TASK >>
Retype, without changes or pictures, only the lines that begin at the one containing "Japanese Autumn Onion Sets Senshyu" and end at the last line of the records that follow.

Brief descriptive captions
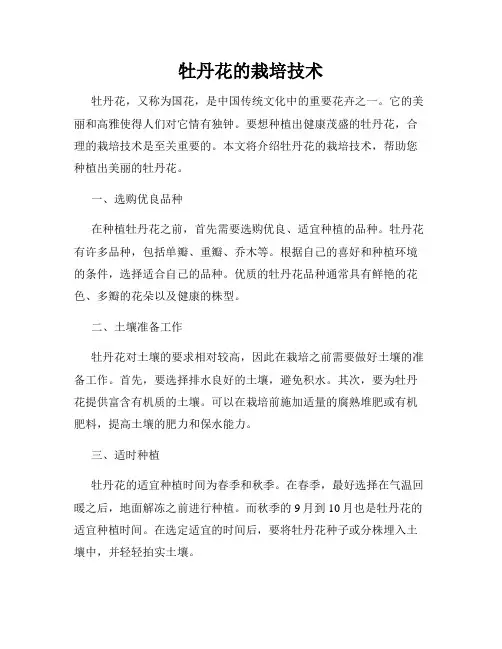 牡丹花的栽培技术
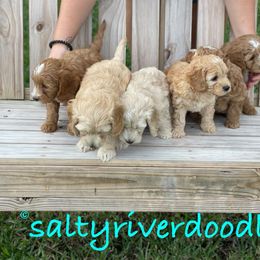 Goldendoodle Puppies from Salty River Doodles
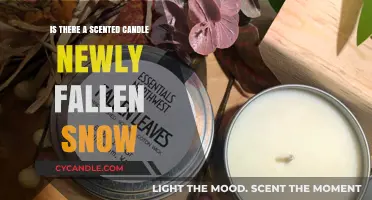 Newly Fallen Snow Scented Candles: Myth or Winter Wonderland Reality?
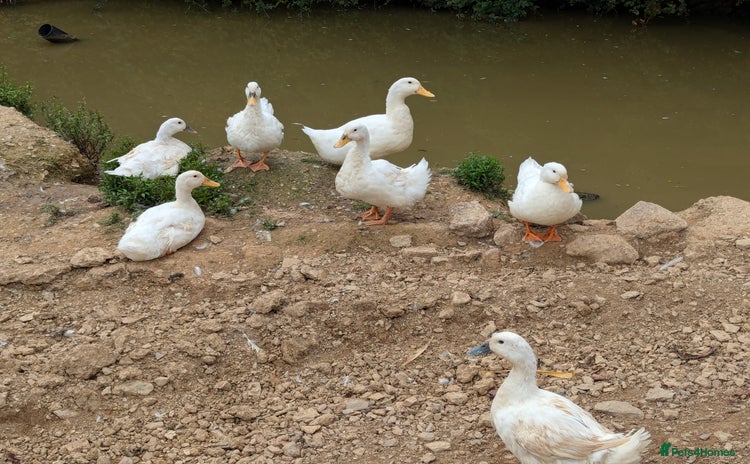 Ducks poultry - Advert 1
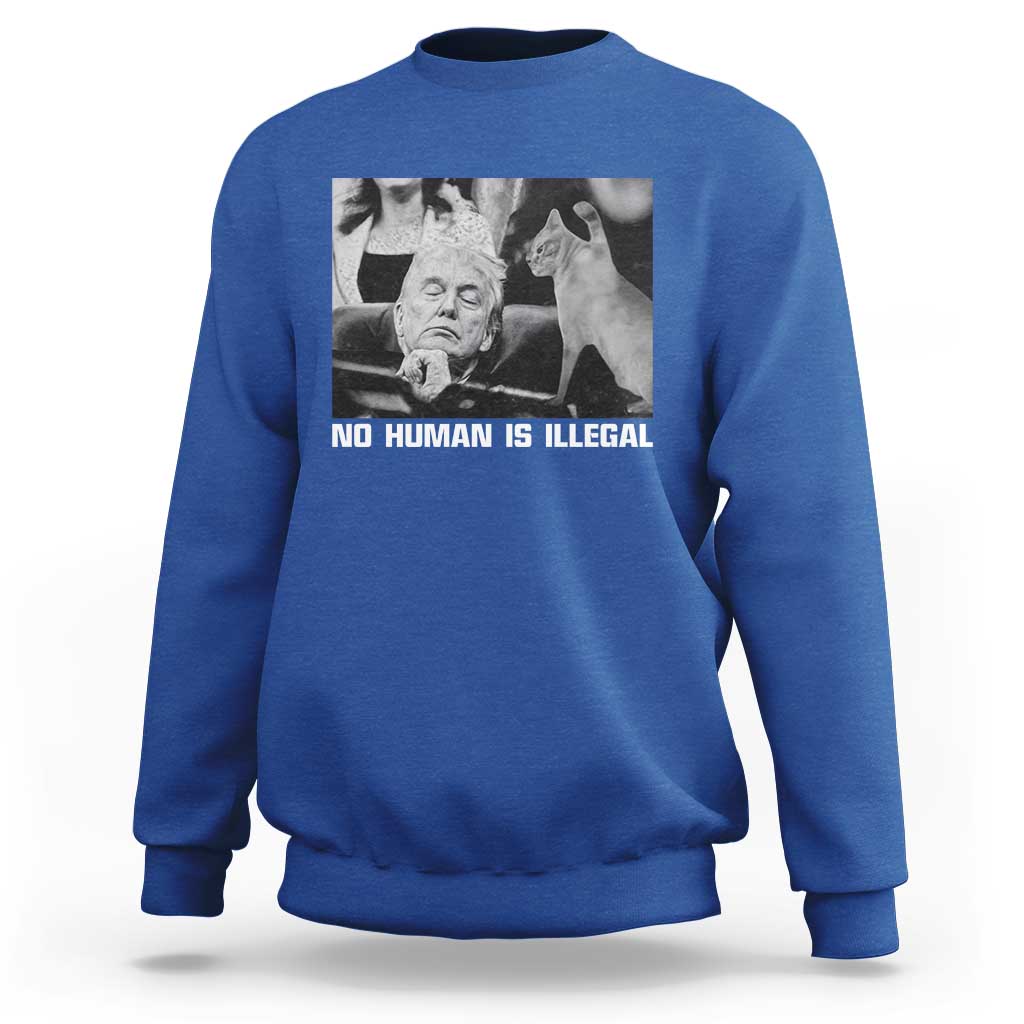 No Human Is Illegal Sweatshirt Funny Cat Anti ICE Meme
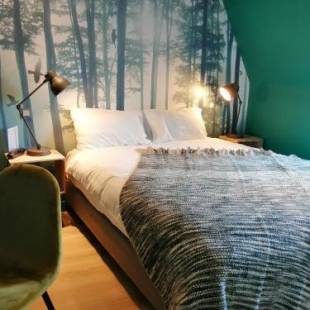 Фотографии гостиницы 
            Hotel Du Cygne Tours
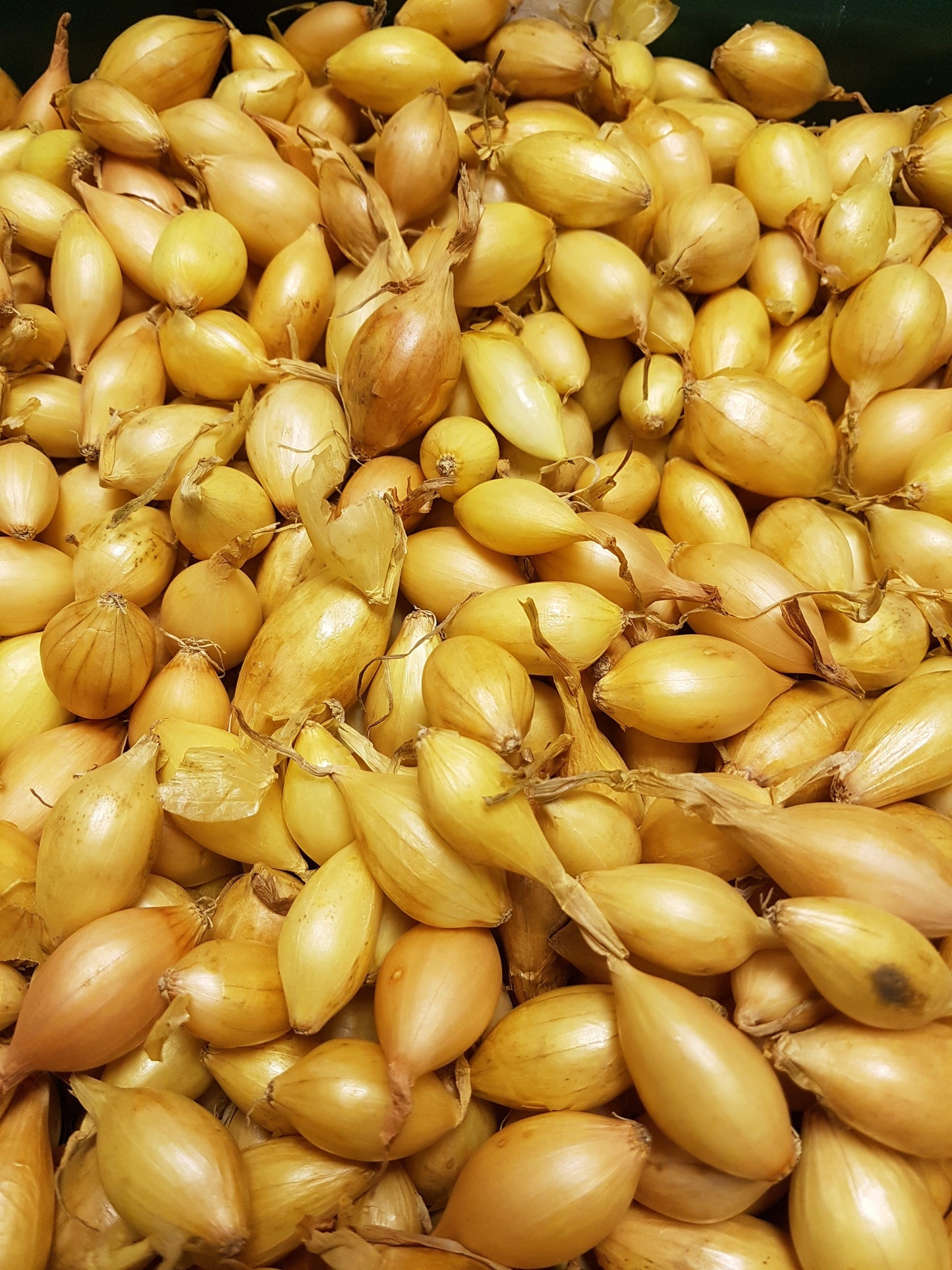 Japanese Autumn Onion Sets Senshyu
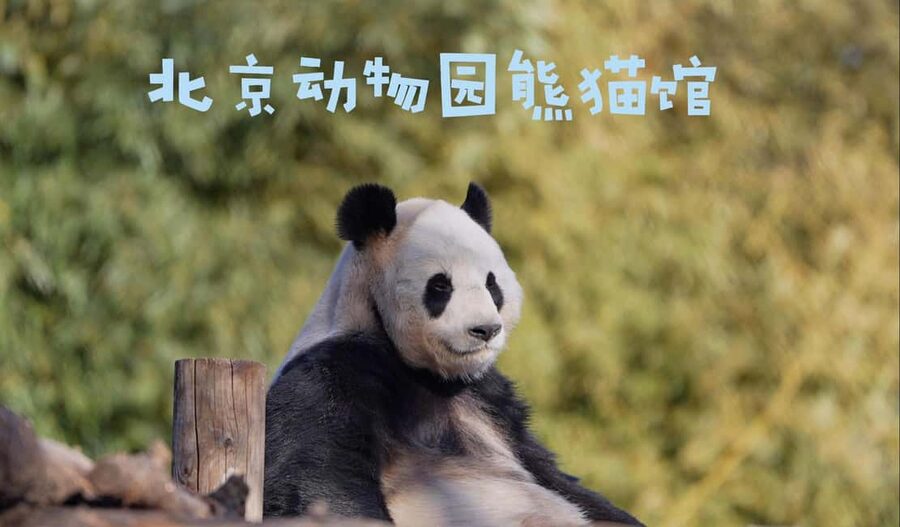 Beijing: Panda House Ticket (Zoo) new activities for 2026 - Why Beijing Zoo works well for a panda day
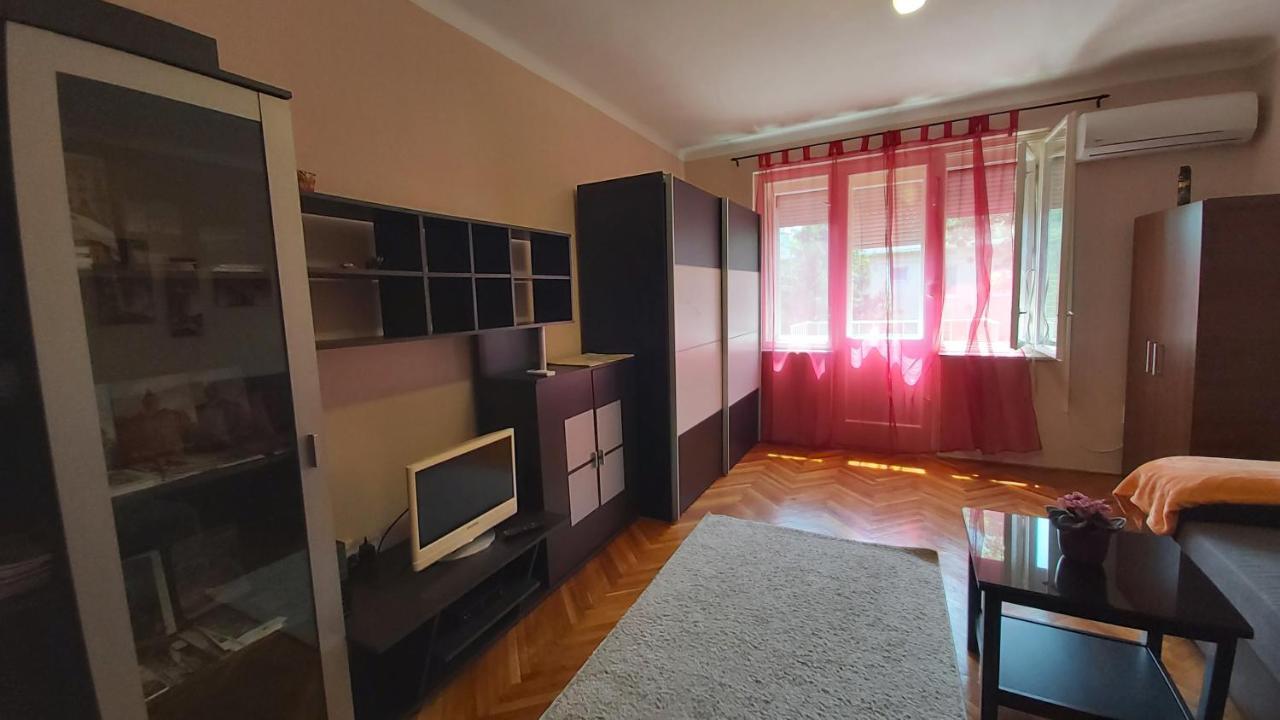 FREE PARKING - Tisza-parti Napfény Apartman Szeged Esterno foto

ANSWER >>
 Japanese Autumn Onion Sets Senshyu
 Beijing: Panda House Ticket (Zoo) new activities for 2026 - Why Beijing Zoo works well for a panda day
 FREE PARKING - Tisza-parti Napfény Apartman Szeged Esterno foto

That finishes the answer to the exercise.